19. Various conditions for judging the congruence of two right-angled triangles: (1) an acute angle and an edge; (2) Both parties are equal; (3) The two acute angles are equal. The condition that two right triangles are congruent is.
20. Rotate the right triangle ABC clockwise around the right vertex C to the position of △ dec, if point E is on the side of AB and ∠ DCB = 160, ∠ AED =.
Iii. Answering questions: (This big question ***52 points)
2 1. (2 points for each small question, ***8 points) A graphic is the same before and after translation, folding and rotation. Write the corresponding edges and corners according to the following congruent triangles.
(1) △ ABC △ CDA corresponds to an edge of and a corresponding angle of;
(2) △ AOB △ Doc, corresponding edge is, corresponding angle is;
(3) △ AOC △ BOD, the corresponding edge is, and the corresponding angle is;
(4) △ ace △ BDF, the corresponding edge is and the corresponding angle is.
22. (5 points for this short question)
As shown in the figure, in △AB=DC and △DCB, AC and BD intersect at point O, AB=DC and AC = BD.
Proof: △ ABC △ DCB.
23. (This little question is 10)
It is known that AB = AD, AC = AE, ∠ 1 = ∠ 2,
Verification: (1) △ ABC △ ade ∠ 2 ∠ b = ∠ d.
24. (This small question is 10) As shown in the figure, point C and point B are respectively taken as the center line AD on the BC side of △ABC.
The vertical line and vertical foot of the extension line are E and F respectively.

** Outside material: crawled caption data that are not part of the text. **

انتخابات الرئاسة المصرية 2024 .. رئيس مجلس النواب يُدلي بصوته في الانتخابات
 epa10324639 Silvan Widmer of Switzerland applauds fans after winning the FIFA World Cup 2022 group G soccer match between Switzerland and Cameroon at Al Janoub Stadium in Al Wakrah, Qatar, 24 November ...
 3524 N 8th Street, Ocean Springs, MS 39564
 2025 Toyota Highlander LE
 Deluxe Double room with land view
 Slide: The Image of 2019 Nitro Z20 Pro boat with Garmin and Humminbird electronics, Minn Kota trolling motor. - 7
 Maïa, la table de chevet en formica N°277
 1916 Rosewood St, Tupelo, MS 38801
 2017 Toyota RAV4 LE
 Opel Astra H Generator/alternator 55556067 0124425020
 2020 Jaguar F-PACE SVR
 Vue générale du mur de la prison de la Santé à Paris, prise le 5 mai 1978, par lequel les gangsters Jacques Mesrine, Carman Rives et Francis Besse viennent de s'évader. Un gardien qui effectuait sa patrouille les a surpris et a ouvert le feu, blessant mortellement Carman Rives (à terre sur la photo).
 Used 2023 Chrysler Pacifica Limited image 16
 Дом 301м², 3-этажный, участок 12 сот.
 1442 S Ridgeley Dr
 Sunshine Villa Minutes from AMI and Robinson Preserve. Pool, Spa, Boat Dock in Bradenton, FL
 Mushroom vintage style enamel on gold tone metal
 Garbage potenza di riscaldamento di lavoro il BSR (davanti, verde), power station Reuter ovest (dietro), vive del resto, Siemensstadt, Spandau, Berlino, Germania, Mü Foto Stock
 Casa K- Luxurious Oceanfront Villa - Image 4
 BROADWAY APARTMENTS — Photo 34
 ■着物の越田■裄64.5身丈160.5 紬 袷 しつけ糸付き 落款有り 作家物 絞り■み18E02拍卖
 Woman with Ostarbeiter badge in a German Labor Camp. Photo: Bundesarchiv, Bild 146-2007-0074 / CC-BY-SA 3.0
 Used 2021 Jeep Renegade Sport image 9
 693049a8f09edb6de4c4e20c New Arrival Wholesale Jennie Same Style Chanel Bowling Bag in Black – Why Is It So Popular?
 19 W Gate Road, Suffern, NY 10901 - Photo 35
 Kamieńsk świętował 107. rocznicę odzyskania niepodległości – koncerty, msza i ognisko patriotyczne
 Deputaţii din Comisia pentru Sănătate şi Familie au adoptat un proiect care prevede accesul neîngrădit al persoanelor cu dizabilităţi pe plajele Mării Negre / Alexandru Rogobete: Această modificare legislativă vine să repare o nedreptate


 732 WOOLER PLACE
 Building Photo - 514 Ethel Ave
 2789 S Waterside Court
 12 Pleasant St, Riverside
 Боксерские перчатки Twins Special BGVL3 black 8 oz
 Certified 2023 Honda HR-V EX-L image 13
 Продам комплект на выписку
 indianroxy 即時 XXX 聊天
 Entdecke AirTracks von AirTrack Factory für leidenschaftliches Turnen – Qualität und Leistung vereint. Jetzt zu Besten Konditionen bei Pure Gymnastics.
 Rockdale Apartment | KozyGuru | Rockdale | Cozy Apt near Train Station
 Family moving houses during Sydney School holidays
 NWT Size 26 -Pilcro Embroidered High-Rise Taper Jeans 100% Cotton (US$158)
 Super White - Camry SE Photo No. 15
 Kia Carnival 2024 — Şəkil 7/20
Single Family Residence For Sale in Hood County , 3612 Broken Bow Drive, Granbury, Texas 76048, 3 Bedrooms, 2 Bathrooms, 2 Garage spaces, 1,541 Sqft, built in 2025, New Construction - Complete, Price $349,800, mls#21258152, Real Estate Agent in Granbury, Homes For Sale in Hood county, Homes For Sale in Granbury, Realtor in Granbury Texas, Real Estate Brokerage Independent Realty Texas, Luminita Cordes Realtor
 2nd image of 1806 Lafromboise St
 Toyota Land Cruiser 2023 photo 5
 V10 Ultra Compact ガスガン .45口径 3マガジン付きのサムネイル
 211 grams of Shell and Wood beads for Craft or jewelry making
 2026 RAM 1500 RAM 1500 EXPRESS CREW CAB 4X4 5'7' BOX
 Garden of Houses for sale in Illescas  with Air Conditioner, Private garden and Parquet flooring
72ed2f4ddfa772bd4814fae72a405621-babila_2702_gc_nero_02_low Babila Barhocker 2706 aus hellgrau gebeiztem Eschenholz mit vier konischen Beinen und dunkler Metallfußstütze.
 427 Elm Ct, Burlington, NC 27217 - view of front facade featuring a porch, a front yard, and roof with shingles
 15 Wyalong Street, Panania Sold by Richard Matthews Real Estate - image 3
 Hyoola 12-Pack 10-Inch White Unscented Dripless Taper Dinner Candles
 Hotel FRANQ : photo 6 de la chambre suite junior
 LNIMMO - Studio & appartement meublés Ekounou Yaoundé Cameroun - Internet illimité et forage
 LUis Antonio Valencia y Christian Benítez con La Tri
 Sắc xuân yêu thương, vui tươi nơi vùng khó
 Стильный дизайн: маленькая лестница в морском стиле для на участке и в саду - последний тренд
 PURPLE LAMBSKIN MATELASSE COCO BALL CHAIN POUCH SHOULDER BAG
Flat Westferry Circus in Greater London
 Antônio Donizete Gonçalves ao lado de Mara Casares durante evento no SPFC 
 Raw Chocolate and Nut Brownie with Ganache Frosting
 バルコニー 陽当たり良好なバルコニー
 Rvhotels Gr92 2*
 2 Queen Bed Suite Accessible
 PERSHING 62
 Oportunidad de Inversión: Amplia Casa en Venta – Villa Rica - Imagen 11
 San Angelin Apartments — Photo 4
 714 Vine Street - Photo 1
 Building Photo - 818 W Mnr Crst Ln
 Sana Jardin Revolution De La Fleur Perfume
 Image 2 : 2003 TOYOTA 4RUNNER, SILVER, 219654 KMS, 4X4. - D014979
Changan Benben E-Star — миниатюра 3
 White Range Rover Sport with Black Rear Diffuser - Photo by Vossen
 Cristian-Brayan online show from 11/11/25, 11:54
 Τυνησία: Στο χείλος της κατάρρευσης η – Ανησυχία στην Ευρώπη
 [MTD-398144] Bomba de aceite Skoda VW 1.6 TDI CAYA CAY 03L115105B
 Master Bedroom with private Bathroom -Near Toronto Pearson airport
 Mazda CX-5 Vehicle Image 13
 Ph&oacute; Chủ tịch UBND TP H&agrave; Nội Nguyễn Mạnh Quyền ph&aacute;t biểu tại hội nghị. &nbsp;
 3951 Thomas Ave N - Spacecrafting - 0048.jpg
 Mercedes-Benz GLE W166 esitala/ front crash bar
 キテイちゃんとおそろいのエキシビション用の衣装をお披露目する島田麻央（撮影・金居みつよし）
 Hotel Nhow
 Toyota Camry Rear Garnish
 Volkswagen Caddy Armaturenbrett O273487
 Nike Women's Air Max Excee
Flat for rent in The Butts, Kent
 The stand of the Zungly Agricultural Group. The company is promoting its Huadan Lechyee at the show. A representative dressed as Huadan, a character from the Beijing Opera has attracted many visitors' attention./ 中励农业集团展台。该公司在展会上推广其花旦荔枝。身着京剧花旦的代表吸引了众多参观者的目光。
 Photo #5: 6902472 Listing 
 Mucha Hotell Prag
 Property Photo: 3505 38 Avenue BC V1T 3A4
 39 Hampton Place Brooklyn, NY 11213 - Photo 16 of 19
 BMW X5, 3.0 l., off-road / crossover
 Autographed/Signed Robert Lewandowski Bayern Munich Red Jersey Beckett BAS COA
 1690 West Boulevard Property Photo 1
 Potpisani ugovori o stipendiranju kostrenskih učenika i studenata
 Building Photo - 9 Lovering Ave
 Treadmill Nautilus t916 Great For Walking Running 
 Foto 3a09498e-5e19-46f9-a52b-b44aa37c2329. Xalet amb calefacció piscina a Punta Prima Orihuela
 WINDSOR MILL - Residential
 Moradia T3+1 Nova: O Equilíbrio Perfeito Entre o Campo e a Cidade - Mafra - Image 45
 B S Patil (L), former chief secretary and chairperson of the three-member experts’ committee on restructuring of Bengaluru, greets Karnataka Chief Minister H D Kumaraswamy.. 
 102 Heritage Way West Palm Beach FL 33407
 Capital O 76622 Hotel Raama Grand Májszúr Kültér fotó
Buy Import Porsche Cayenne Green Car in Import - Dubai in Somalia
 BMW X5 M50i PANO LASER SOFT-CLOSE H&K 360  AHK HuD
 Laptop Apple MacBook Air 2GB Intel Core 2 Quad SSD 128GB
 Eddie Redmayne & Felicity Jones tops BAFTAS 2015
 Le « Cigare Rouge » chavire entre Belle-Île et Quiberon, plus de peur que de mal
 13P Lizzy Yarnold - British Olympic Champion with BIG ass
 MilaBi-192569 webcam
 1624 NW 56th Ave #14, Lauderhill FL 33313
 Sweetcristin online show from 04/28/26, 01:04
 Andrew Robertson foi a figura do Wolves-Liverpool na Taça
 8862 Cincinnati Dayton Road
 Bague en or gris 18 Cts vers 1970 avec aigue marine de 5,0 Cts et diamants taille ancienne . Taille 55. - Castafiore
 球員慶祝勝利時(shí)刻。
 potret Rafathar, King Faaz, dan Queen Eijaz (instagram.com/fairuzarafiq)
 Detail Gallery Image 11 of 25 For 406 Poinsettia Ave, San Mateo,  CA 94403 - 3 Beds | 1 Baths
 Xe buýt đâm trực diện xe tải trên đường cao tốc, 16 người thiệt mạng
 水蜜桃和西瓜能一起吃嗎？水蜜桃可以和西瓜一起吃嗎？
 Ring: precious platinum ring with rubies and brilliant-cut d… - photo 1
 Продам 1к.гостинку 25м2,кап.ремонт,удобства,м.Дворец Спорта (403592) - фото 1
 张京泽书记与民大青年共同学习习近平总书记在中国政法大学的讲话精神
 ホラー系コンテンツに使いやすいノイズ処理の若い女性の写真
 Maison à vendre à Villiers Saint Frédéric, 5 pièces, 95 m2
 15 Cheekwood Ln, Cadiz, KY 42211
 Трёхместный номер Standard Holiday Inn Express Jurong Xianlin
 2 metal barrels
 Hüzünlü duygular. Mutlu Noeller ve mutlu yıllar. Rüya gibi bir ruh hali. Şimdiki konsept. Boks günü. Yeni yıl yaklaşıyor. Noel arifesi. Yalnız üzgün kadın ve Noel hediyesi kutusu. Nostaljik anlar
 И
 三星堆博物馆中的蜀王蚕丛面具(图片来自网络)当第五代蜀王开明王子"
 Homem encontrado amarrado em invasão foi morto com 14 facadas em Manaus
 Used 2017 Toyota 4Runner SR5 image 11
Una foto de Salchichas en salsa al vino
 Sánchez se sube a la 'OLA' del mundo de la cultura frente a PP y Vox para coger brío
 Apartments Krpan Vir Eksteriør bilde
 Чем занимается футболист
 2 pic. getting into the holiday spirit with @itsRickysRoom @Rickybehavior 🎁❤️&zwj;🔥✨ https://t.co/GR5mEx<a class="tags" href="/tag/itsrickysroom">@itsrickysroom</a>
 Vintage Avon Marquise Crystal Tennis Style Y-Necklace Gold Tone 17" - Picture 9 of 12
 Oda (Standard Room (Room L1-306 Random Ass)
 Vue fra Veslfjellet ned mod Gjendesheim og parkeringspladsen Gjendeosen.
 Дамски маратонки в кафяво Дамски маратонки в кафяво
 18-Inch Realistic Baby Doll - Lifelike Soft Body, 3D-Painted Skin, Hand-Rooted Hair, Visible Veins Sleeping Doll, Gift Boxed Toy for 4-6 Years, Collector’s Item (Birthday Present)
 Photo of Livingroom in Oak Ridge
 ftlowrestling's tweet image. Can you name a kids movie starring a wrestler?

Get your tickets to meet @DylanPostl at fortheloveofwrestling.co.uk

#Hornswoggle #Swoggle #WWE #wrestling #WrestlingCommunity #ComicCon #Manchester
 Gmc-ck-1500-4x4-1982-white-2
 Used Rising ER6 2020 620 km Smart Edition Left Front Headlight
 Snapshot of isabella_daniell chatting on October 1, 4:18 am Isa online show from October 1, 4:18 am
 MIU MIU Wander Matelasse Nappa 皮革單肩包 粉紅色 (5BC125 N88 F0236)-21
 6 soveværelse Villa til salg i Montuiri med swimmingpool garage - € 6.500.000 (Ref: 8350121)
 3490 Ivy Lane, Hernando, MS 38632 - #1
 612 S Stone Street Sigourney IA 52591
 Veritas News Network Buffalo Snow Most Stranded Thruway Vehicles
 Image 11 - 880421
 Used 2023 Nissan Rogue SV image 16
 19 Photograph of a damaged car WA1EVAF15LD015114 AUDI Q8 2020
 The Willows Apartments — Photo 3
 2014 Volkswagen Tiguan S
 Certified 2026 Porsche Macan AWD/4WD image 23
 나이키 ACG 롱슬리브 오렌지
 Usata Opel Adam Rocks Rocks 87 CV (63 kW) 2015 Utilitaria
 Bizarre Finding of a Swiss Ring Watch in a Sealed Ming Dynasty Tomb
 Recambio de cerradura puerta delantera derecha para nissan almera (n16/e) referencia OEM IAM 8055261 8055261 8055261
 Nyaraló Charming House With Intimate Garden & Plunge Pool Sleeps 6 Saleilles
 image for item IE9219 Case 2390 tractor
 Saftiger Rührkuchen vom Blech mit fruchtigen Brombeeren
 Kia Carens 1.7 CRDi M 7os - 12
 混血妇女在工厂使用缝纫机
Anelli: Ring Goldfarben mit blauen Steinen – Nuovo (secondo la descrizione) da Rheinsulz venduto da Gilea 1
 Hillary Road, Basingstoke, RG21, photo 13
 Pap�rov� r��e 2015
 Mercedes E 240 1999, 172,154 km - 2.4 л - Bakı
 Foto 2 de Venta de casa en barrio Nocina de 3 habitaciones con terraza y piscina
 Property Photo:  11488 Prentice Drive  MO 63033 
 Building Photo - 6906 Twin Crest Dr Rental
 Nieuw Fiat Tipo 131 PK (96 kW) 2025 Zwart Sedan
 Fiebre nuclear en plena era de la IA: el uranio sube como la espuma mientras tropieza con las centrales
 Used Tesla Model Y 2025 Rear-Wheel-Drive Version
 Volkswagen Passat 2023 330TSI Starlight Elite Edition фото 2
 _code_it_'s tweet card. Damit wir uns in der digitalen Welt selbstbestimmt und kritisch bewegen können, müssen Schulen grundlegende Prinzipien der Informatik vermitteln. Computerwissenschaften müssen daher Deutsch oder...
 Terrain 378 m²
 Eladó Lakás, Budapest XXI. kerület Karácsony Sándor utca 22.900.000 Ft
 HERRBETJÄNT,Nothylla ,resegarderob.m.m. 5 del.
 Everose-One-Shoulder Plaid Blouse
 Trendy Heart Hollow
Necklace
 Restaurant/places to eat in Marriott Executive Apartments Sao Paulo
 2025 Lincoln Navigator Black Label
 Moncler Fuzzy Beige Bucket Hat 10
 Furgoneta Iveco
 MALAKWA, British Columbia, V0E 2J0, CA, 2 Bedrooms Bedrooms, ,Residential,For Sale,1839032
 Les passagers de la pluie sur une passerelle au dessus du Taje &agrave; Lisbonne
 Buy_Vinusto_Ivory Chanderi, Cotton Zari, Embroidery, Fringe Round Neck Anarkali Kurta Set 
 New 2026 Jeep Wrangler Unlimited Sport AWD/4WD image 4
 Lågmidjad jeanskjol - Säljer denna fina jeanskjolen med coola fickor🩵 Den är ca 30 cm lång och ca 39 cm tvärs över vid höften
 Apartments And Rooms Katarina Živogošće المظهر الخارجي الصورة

Verification: ① BF = CE; ②AE+AF=2AD。
25. (9 points in this small question) It is known that figure ∠ ab = BC = 90, AB = BC, D is a point above AC, and CE⊥BD is in.
E, AF⊥ straight BD in F. verification: ef = ce-af.
26. (this small question is 10) as shown in figure 1A, e, f and c are in a straight line, AE = CF
DE⊥AC in E and BF⊥AC in F.
(1) If AB = CD, verify: GE = GF.
⑵ Move the edge EC of △DEC to Figure ② along the AC direction, and other conditions remain unchanged. Is the above conclusion valid? Please explain the reason.
Reference answer
First, multiple-choice questions: 1. b; ; 2.c; 3.d; 4.a; 5.c; 6.c; 7.b; 8.c; 9.c; 10.d; 1 1.d; 12.b;
2. Fill in the blanks: 13.92, 44, 44; 14.6; 15.3; 16.200px 17. 175 px; 18.3; 19.⑴⑵; 20.70 ;
Third, answer questions:
2 1. omitted; 22. Omission; 23. Omission;
24. Omission;
25. Proof: It can be proved by conditions: △ ABF △ BEC.
∴AF=BE,FB=EC
∫BF = ef+be again
∴EC=EF+AF
∴EF=CE-AF.
Twenty-six proofs. ∫AE = CF AE+EF = CF+EF
∴AF=CE
It can be proved by conditions that △ AFB △ CED.
The following is omitted.
It is proved that (2) the above conclusions are effective. The reason for this is the following:
It can be proved from the conditions that △ Abe△ CDF: Be = DF can be obtained.